The client will raise an `OAIError` subclass for errors returned by the OAI-PMH server.

```python
from oai_pmh_client.exceptions import IdDoesNotExistError

try:
record = client.get_record("oai:arXiv.org:this-id-does-not-exist", "oai_dc")
except IdDoesNotExistError as e:
print(f"Caught expected error: {e}")
```

#### Notebook example

See the [`notebooks/arxiv_recent_changes.ipynb`](notebooks/arxiv_recent_changes.ipynb) notebook for an example of using the client to fetch recent changes from the arXiv OAI-PMH endpoint.

## Testing

To run the tests, you will need to install the development dependencies:

```bash
uv pip install -e ".[dev]"
```

Then, you can run the tests using `pytest`:

```bash
pytest
```

## Releases

This repository uses [Release Please](https://github.com/googleapis/release-please) to automate releases.

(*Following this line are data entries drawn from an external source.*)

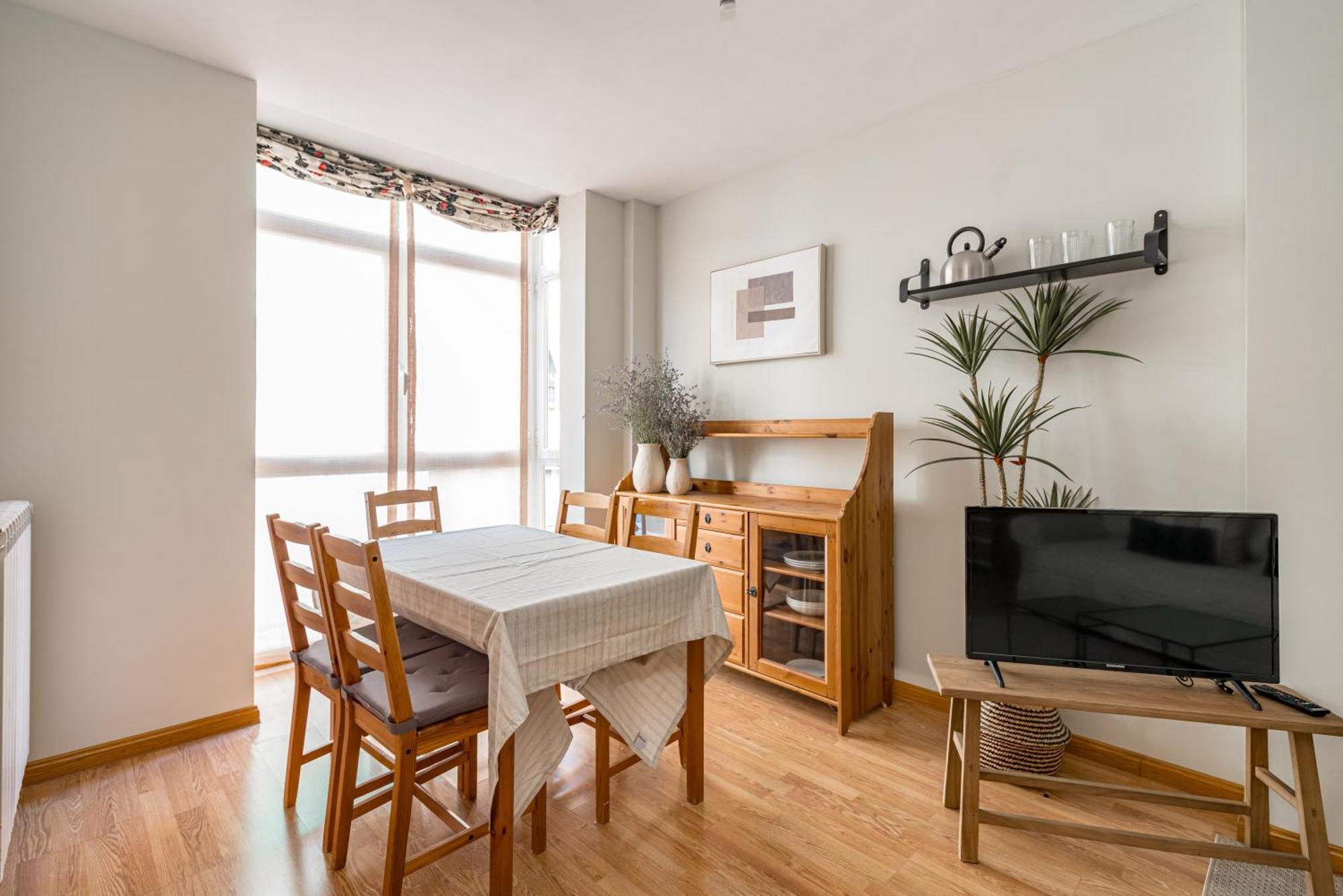 Apartamento 2br Av America Bernabeu Stadium Madri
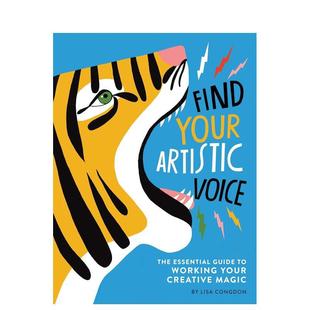 艺术之声Find Your 9岁艺术启蒙Lisa 现货 Congdon 儿童图书6 寻找你 Voice英文进口原版 Artistic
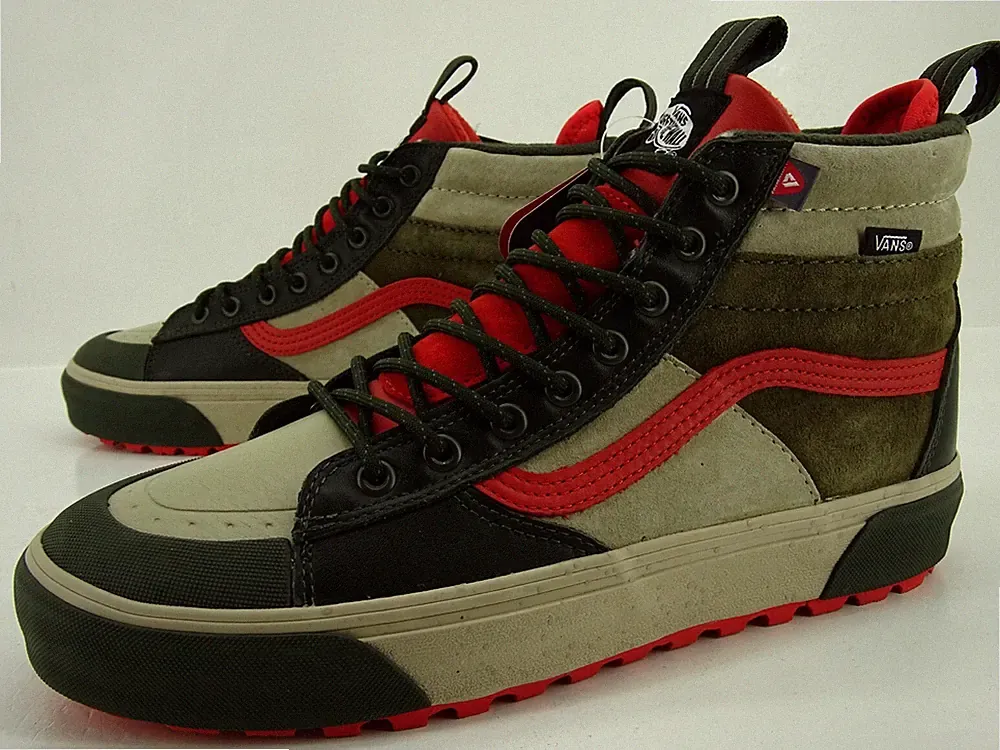 Vans Sneakers SK8 HI MTE 2 Unisex Laufschuhe Halb Schuhe Stiefelette Gr, 42 Uk 8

When you merge a pull request to the `main` branch, Release Please will:

1. Create or update a "Release PR" with the changelog and version bump.
2. When you merge that Release PR, it will create a GitHub Release and tag the commit.

To trigger a release:

1. Ensure your PR titles follow the [Conventional Commits](https://www.conventionalcommits.org/) specification (e.g., `feat: add new feature`, `fix: bug fix`).
2. Merge your PRs into `main`.
3. Review and merge the Release PR created by the bot.